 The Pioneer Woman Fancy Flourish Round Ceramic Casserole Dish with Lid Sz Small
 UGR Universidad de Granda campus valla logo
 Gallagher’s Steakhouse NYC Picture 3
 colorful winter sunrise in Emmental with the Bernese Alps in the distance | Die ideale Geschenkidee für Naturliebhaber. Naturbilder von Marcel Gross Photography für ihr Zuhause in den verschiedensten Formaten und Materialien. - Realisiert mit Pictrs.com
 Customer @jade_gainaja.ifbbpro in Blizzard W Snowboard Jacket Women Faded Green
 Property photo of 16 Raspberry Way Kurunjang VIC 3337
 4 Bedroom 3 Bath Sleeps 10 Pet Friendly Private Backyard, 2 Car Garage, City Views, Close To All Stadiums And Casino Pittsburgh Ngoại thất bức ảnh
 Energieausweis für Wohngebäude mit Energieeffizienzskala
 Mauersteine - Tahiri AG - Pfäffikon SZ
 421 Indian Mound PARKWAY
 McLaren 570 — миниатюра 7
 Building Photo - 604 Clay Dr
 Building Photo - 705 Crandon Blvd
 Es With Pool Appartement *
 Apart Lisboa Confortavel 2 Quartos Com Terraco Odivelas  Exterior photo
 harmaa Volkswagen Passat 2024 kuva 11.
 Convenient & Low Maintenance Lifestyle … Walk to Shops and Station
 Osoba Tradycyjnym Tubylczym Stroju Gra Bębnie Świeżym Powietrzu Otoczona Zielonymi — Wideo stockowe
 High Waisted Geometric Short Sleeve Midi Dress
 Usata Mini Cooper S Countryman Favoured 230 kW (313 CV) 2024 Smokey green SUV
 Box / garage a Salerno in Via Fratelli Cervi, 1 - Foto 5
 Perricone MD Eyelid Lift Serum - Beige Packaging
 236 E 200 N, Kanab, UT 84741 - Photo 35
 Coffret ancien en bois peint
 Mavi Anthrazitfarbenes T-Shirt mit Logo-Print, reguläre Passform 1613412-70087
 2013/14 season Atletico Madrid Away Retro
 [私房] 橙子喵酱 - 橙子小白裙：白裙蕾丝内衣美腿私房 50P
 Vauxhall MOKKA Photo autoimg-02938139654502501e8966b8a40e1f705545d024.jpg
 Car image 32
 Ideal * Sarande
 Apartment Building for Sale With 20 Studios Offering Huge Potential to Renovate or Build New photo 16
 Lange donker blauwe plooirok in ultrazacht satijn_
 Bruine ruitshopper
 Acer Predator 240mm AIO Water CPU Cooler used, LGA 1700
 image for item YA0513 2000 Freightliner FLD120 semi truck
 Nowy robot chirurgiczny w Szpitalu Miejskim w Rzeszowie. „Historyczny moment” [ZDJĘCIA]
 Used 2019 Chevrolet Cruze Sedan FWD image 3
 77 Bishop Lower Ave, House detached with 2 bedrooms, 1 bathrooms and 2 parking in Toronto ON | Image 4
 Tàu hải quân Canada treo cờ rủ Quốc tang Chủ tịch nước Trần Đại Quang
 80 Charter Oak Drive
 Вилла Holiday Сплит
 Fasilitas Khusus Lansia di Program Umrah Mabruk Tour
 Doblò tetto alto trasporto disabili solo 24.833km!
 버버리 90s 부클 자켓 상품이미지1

TASK DESCRIPTION: Take the stretch of lines above from the one containing "Lange donker blauwe" through the one containing "80 Charter Oak Drive" and repeat it exactly, adding no other line.

RESPONSE TO THIS EXERCISE:
 Lange donker blauwe plooirok in ultrazacht satijn_
 Bruine ruitshopper
 Acer Predator 240mm AIO Water CPU Cooler used, LGA 1700
 image for item YA0513 2000 Freightliner FLD120 semi truck
 Nowy robot chirurgiczny w Szpitalu Miejskim w Rzeszowie. „Historyczny moment” [ZDJĘCIA]
 Used 2019 Chevrolet Cruze Sedan FWD image 3
 77 Bishop Lower Ave, House detached with 2 bedrooms, 1 bathrooms and 2 parking in Toronto ON | Image 4
 Tàu hải quân Canada treo cờ rủ Quốc tang Chủ tịch nước Trần Đại Quang
 80 Charter Oak Drive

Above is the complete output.